Outside of Ireland itself, Canada, Australia and the United Kingdom also have histories of Irish gang activities.
- 1 In the United States
- 1.1 New York
- 1.2 Boston
- 1.3 Philadelphia
- 1.4 Chicago
- 1.5 Other areas in the United States
- 2 Elsewhere in the world
- 3 Irish mob in popular culture
- 4 See also
- 5 References
In the United States
Irish-American street gangs such as the Dead Rabbits and Whyos dominated New York's underworld for well over a century before facing competition from other, primarily recently arrived Italian and Jewish gangs, during the 1880s and 1890s. Although gang leaders such as Paul Kelly of the Five Points Gang would rise to prominence during the early 1900s, gangs such as the Hudson Dusters and the Gopher Gang would remain formidable rivals during the period.
In the early 1900s, with Italian criminal organisations, such as the Morello crime family, encroaching on the waterfront, various Irish gangs united to form the White Hand Gang. Although initially successful in keeping their Italian rivals at bay, unstable leadership and infighting would prove their downfall. The murders of Dinny Meehan, Bill Lovett, and Richard Lonergan led to the gang's disappearance by 1925, and the waterfront was taken over by Italian mobsters Vincent Mangano, Albert Anastasia, and Joe Adonis.
During the early years of Prohibition, "Big" Bill Dwyer emerged among many in New York's underworld as a leading bootlegger. However, following his arrest and trial for violation of the Volstead Act during 1925 and 1926, Dwyer's former partners were split between Owney "The Killer" Madden, a former leader of the Gopher Gang, and Frank Costello against Jack "Legs" Diamond, "Little" Augie Pisano, Charles "Vannie" Higgins and renegade mobster Vincent "Mad Dog" Coll.
The most prominent members have included Eddie McGrath, James Coonan, Mickey Featherstone, and Edward Cummiskey. Coonan was imprisoned in 1986 under the RICO act. Featherstone became an informant after his arrest in the early 1980s.
A power struggle between Michael Spillane and Coonan lasted from 1966 until 1977. In the 1970s, with Spillane's organisation weakened by years of warfare with Coonan, a war started between Spillane and the Genovese crime family over control of a construction site in Hell's Kitchen. The Genoveses killed Spillane's top three lieutenants in 1976. This prompted Coonan to form an alliance with Roy DeMeo of the Gambino crime family. The Genoveses decided that the Westies were too violent and well led to go to war with and mediated a truce via the Gambinos.

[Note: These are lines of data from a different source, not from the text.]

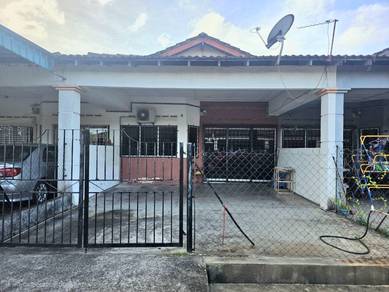 Terraced-House-for-sale-Balok-Pahang
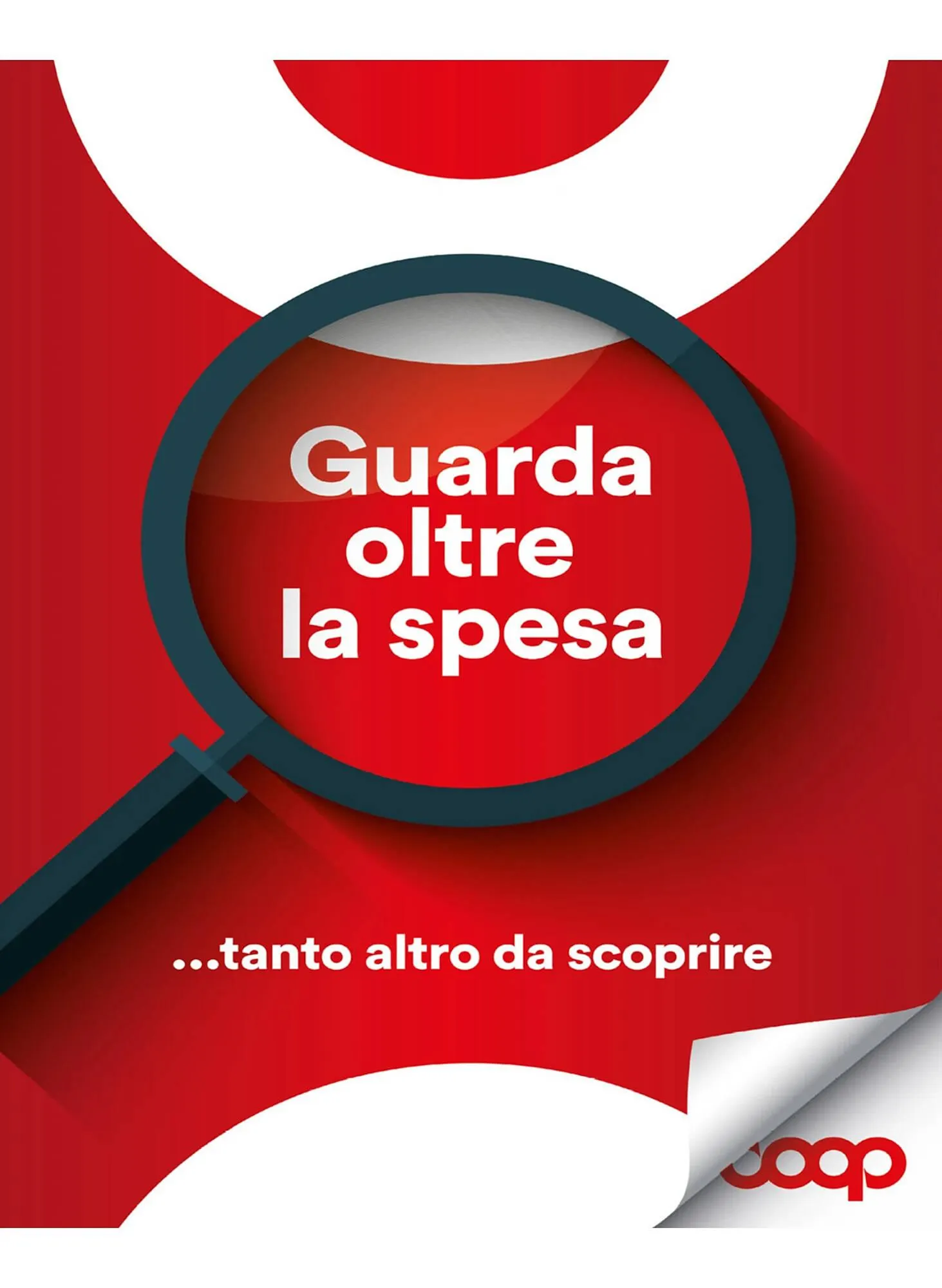 Volantino Ipercoop da 1 dicembre a 31 dicembre di 2025 - Pagina del volantino 18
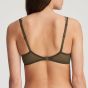 PHOEBE OLG Balconnet Beha Met Mousse Olive Green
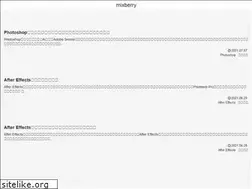Sites similar to mixberry.club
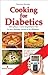Cooking for Diabetics by Satarupa Banerjee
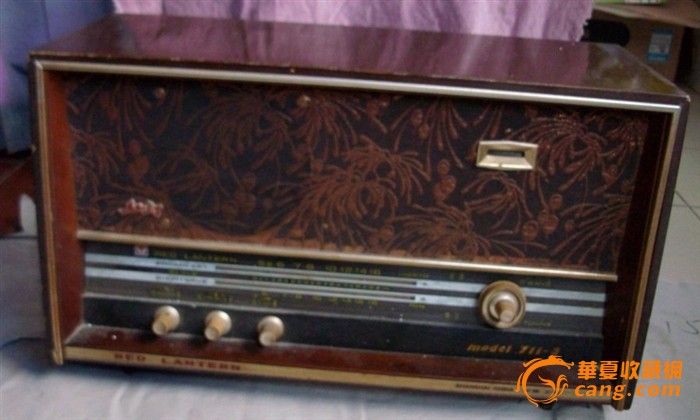 红灯牌台式收音机_红灯牌台式收音机价格_红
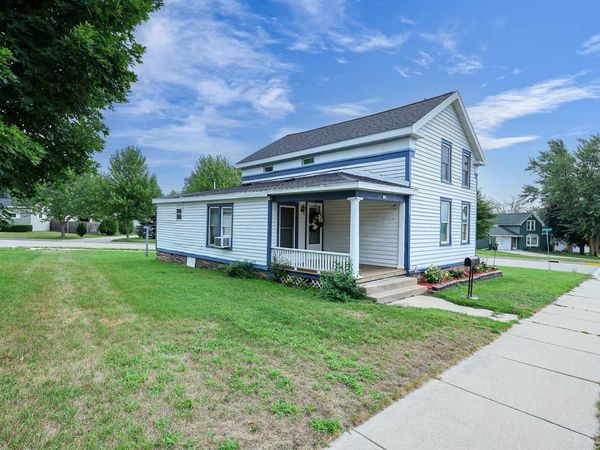 180 RIPON ROAD, Berlin, WI 54923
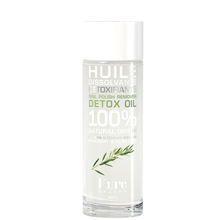Huile Dissolvante Détoxifiante Kure Bazaar - Huile Dissolvante Détoxifiante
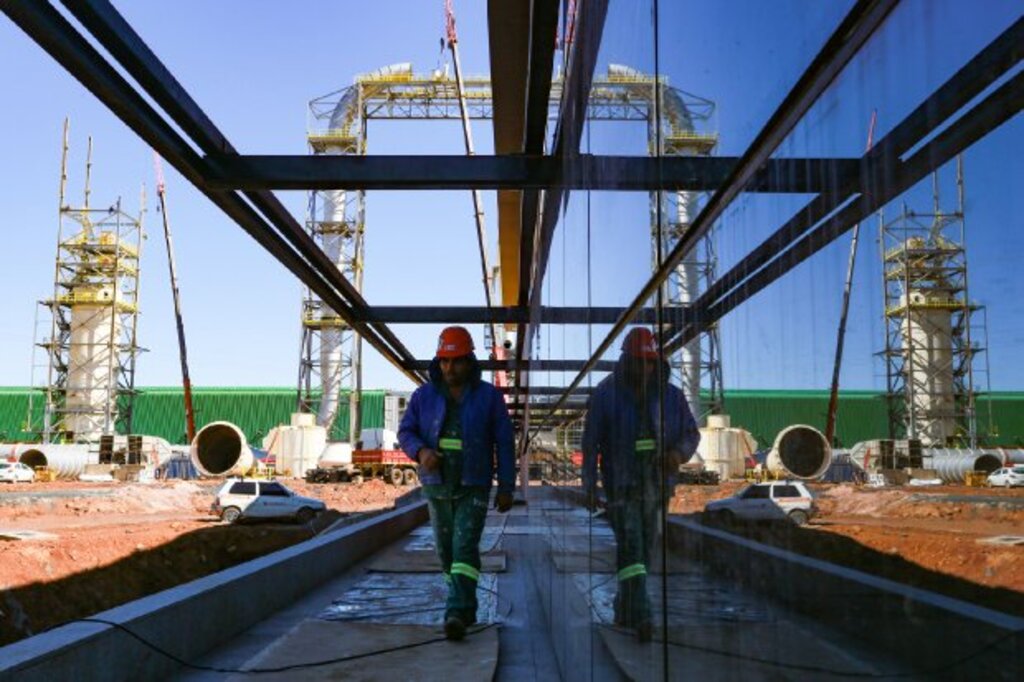 SINE JÁ REALIZOU MAIS DE 317 MIL ATENDIMENTOS EM 2023 PARA INTERMEDIAÇÃO DE MÃO DE OBRA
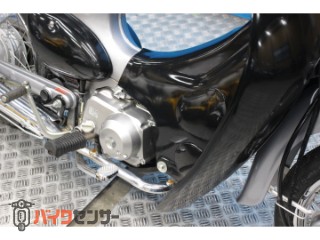 リトルカブ　　ＡＡ０１モデル　ノーマル　４速[img15]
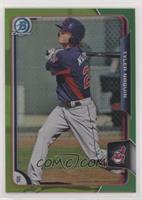 Tyler Naquin #/99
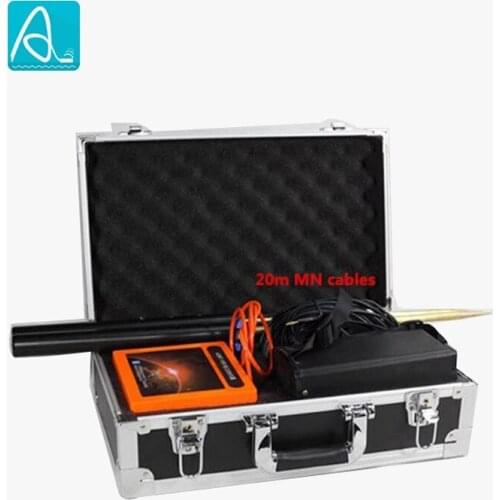 Factory manufacturer ADMT-400A underground gold metal detector underground mineral detector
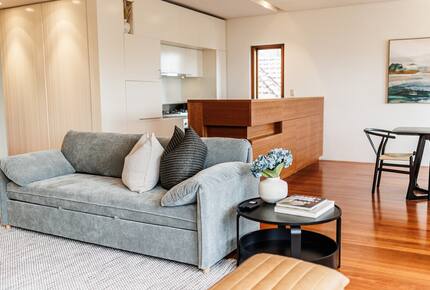 Harbourfront Luxury Penthouse in Darling Point - Sydney, Australia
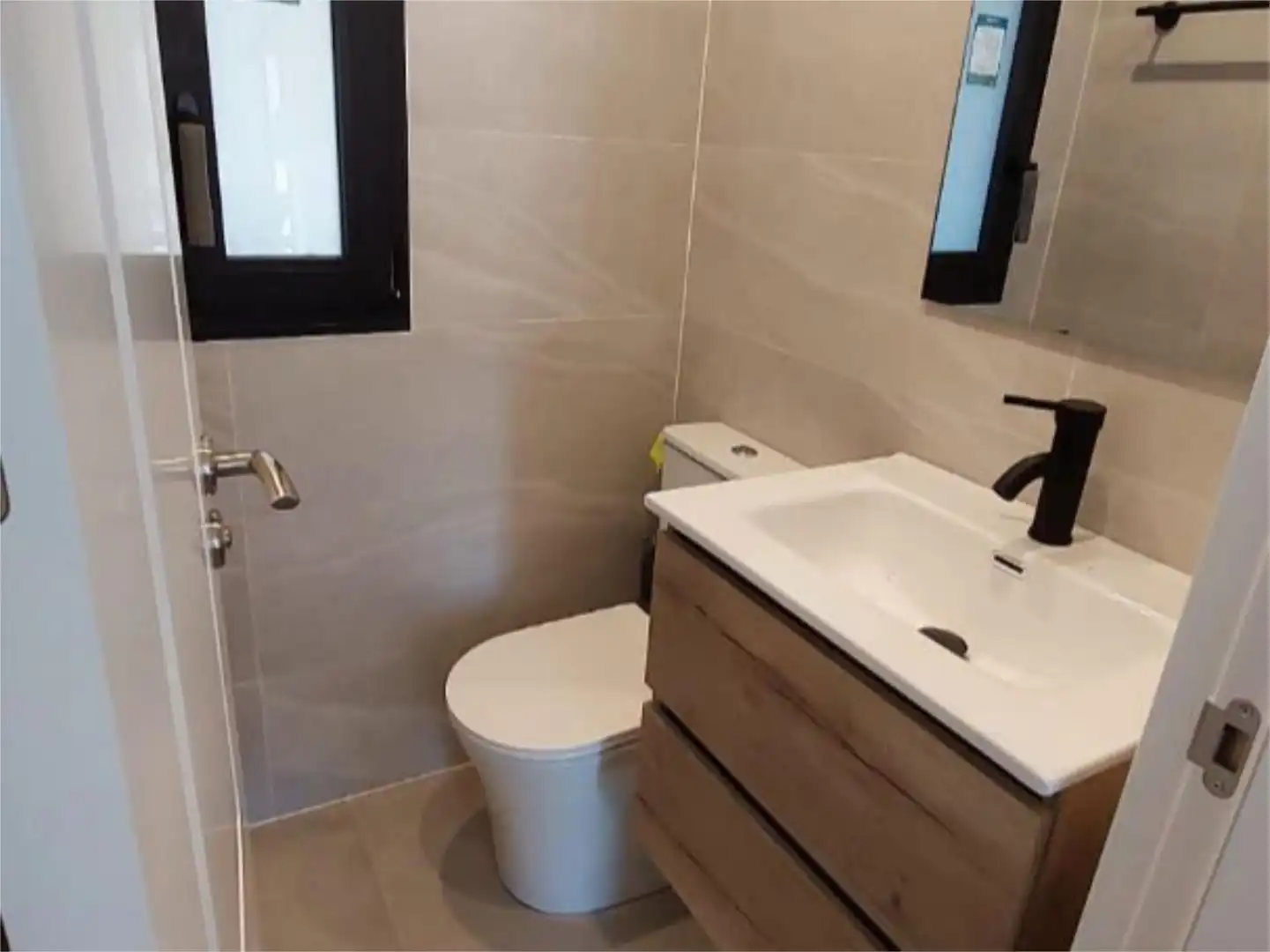 Piso en  Calle Fonseca 28 - Foto 5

Boston has a well-chronicled history of Irish mob activity, particularly in the heavily Irish-American neighbourhoods like Somerville, Charlestown, South Boston ("Southie"), Dorchester and Roxbury where the earliest Irish gangsters arose during Prohibition. Frank Wallace of the Gustin Gang dominated Boston's underworld until his death in 1931, when he was ambushed by Italian gangsters in the North End. Numerous gang wars between rival Irish gangs during the early and mid 20th century would contribute to their decline.
The Winter Hill Gang
The Winter Hill Gang, a loose confederation of Boston-area organised crime figures, was one of the most successful organised crime groups in American history. It controlled the Boston underworld from the early 1960s until the mid-1990s. It derives its name from the Winter Hill neighbourhood of Somerville, Massachusetts, north of Boston, and was founded by first boss James "Buddy" McLean.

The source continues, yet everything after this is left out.